While we may have our reservations: Is that true? Regardless of whether or not it is true, the majority of the lawyers present at the conference seemed to be aware of the danger of merely pushing for liberalization that would end in the loss of a win/win paradigm in a constellation that keeps losers out of the world trade picture.
A ""catch as catch can"" process of liberalization in world trade would inevitably lead to global injustices that we cannot afford. In other words, expressly said or tacitly admitted, the mechanism of the FTA should guarantee a new global Fair Treatment Atmosphere, another sort of ""FTA"".
The involvement of most lawyers though, is still not far from their traditional professional stand of being always ready with can-do recipes as demanded by powerful politicians or mighty conglomerates. To make sure that it is implemented in a way that produces a win/win situation, international lawyers must contribute toward the development of a new global Fair Treatment Atmosphere that would lead to improved global justice.
It is within this framework that the can-do tradition of international lawyers should belong to the past. The international lawyers of the future have the obligation to shed light on the aspirations for justice developing in international relations. The law should indeed serve not only the freedom of the contracting parties but also promote global justice.

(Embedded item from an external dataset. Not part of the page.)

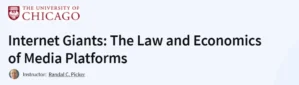 Internet Giants: The Law and Economics of Media Platforms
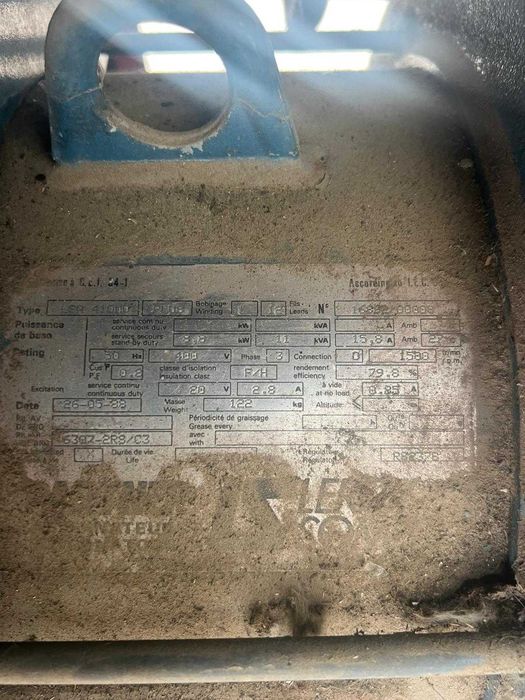 Генератор Leroy Somer LSA 410 – 11 KVA, трифазен, тих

International lawyers must bear in mind that at the end of the day, free trade is useful for mankind only if it also connotes fair treatment of those who are not so lucky, which hopefully would lead to improved justice.
Justice as dictated in the name of the law that merely reflects the naked freedom of the mightiest is an idea that does not belong to our era. Mankind is endowed with the capacity to limit his own freedom where it starts to harm justice, moreover if it concerns global justice.
The writer is a senior partner Soebagjo, Jatim and Djarot law firm in Jakarta and is a senior lecturer in philosophy of law.